As someone who takes a very keen interest in branded content, I’m calling 2014 as the year that marketers seemed to finally ‘get’ what form of video content people like to watch. What a year it was with memorable campaigns like #worldstoughestjob, First Kiss and #likeagirl racking up views to rival even the most popular cat videos.
And for those who’ve not yet worked it out, it is time to start worrying. According to Deloitte’s Media Consumer Survey we are now at the tipping point where using the Internet for entertainment is about to eclipse watching TV as the preferred source of entertainment. According to Cisco, by 2017 video will account for 69% of all consumer internet traffic, and video-on-demand traffic alone will have almost trebled.
There’s been a lot debate about the optimal length of branded content online, with opinion ranging from ‘keep it short as that’s how people consume content’, to ‘if it is engaging people will watch it no matter what the length’.
According to YouTube, the average length of the top 10 YouTube ads that Aussies watched in 2014 was three and half minutes. But that in itself is deceptive.

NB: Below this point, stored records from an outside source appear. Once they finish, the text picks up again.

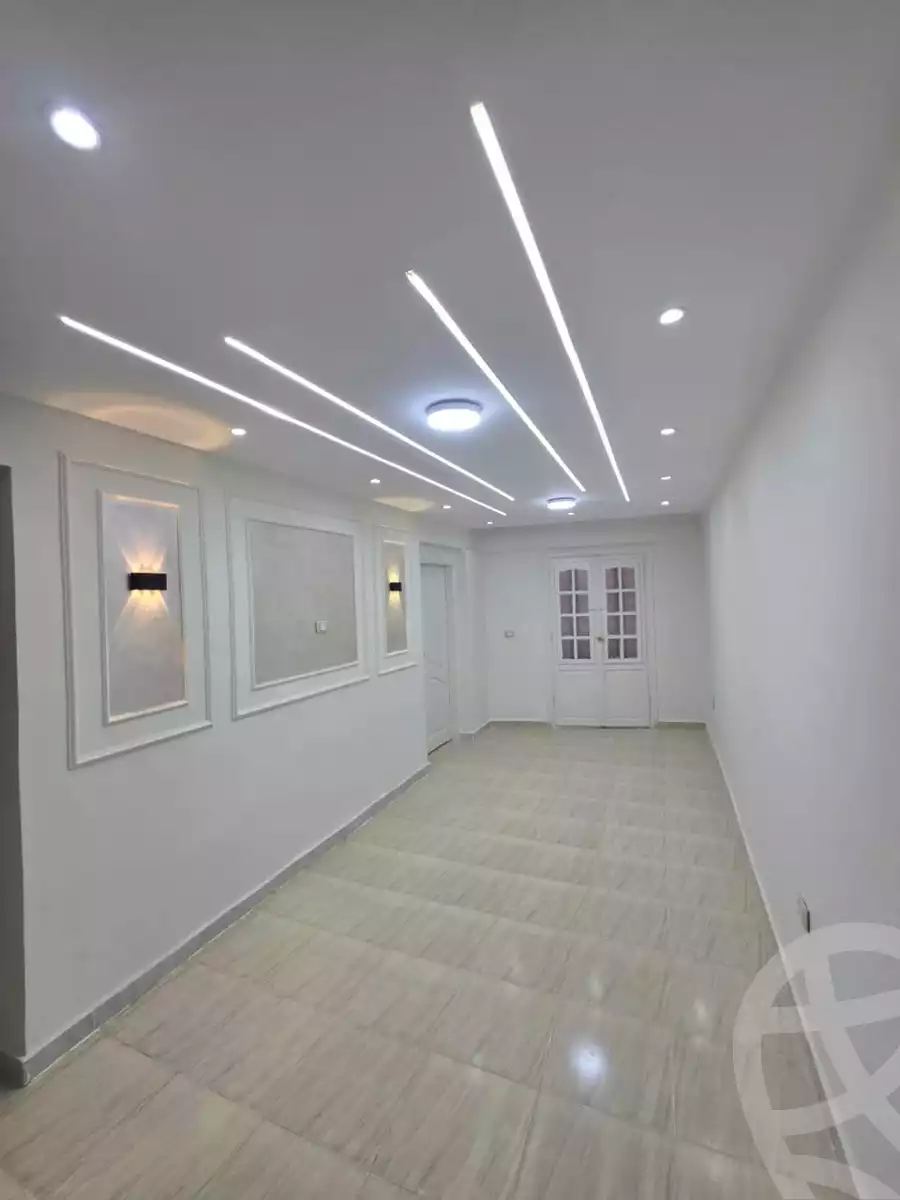 https://aqarmap.com.eg/ar/listing/5987867-for-sale-alexandria-l-jmy-lbytsh-el-hay-st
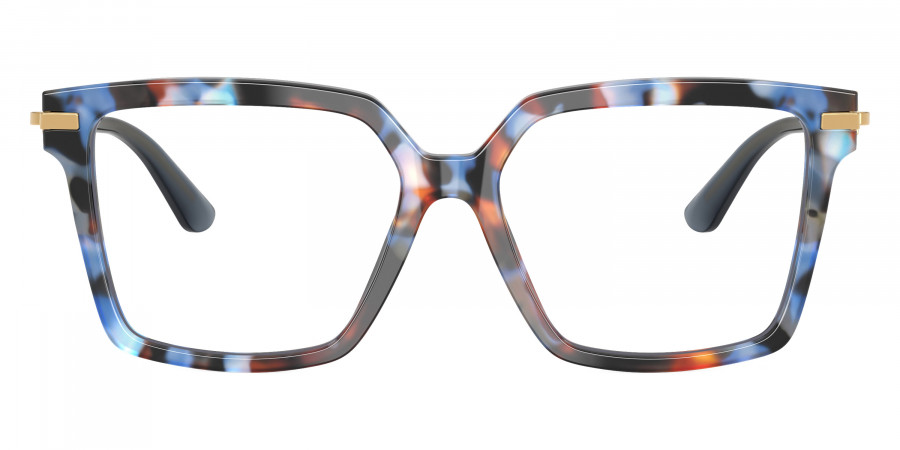 Dolce & Gabbana™ - DG3397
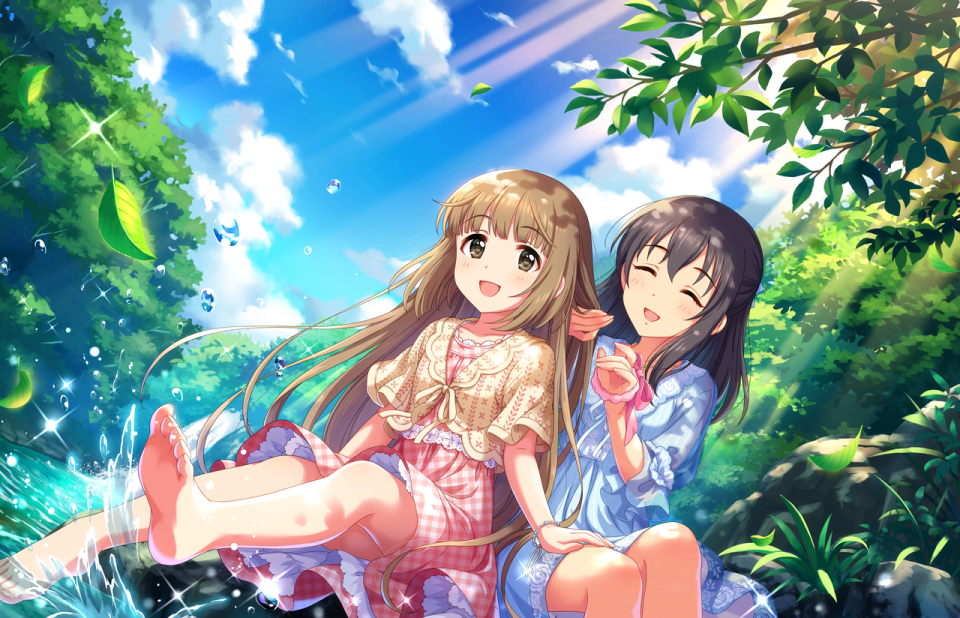 CGSS-Yoshino-SSR-3.png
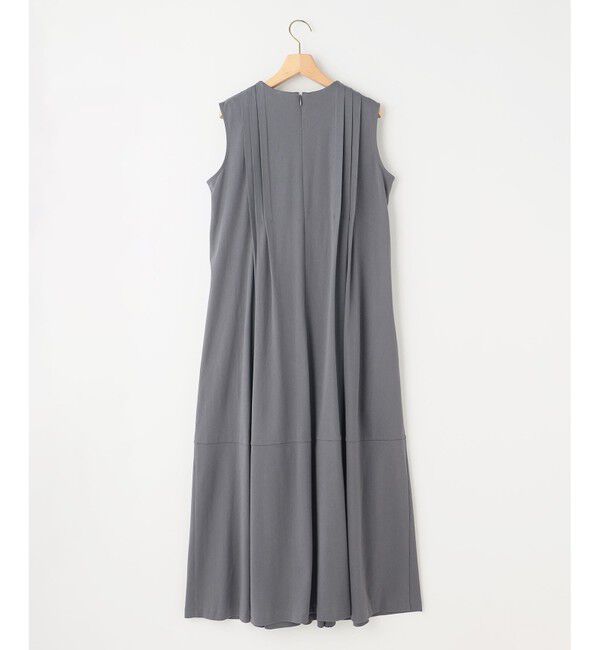 組曲「サマージャージタック ワンピース」|ワンピース|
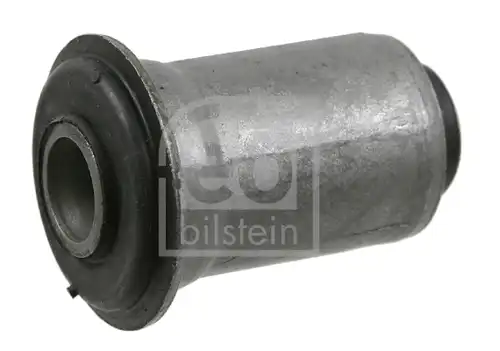 тампон за носач FEBI BILSTEIN 22939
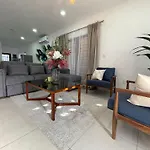 Casa DOS21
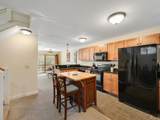132 Grand Hollow Road - Photo 8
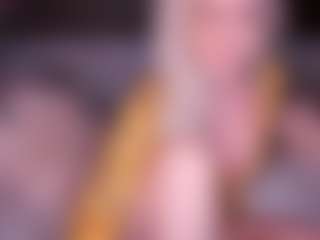 AlenaCrofts Live-Sex-Cam-Show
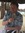 Colby M...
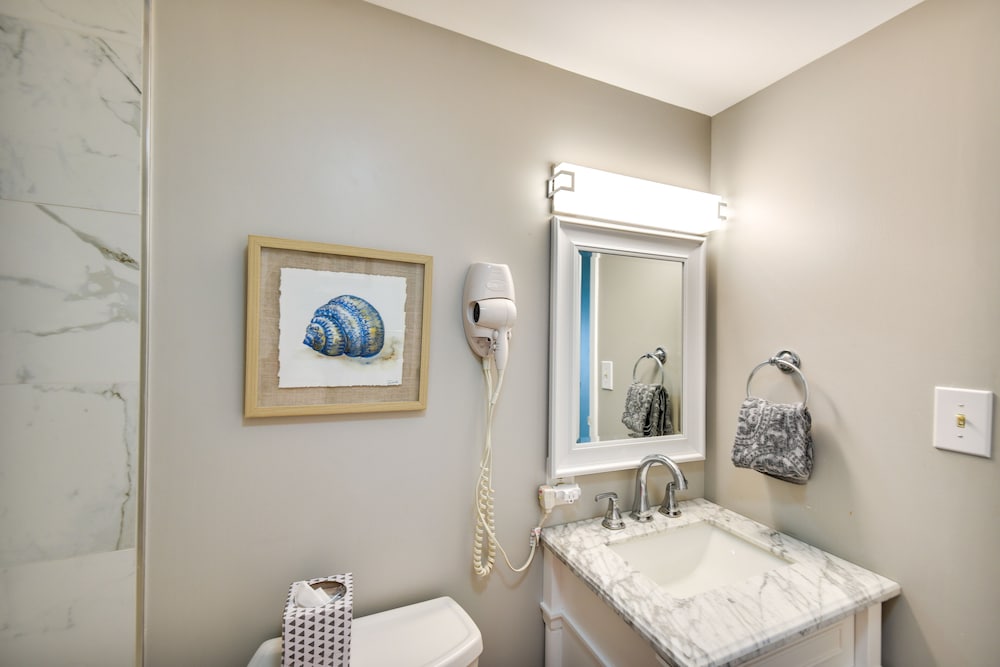 Apartment (2 Bedrooms) photo 3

There are two important measures for us all to be aware of – video view counts and video completion rates. When evaluating how compelling and effective a brand’s message is, completion rates matter. Video views simply measure the content people think seems interesting, whereas video completion denotes the content people actually enjoyed watching. That’s the one to watch, especially when you consider that a lot of branded content does not even reveal the brand till the end of the video. And analytics show that very few watch even the most engaging video to the end.
Attention spans are growing shorter and shorter, and if you are talking to Gen Z you’ve got 8 seconds!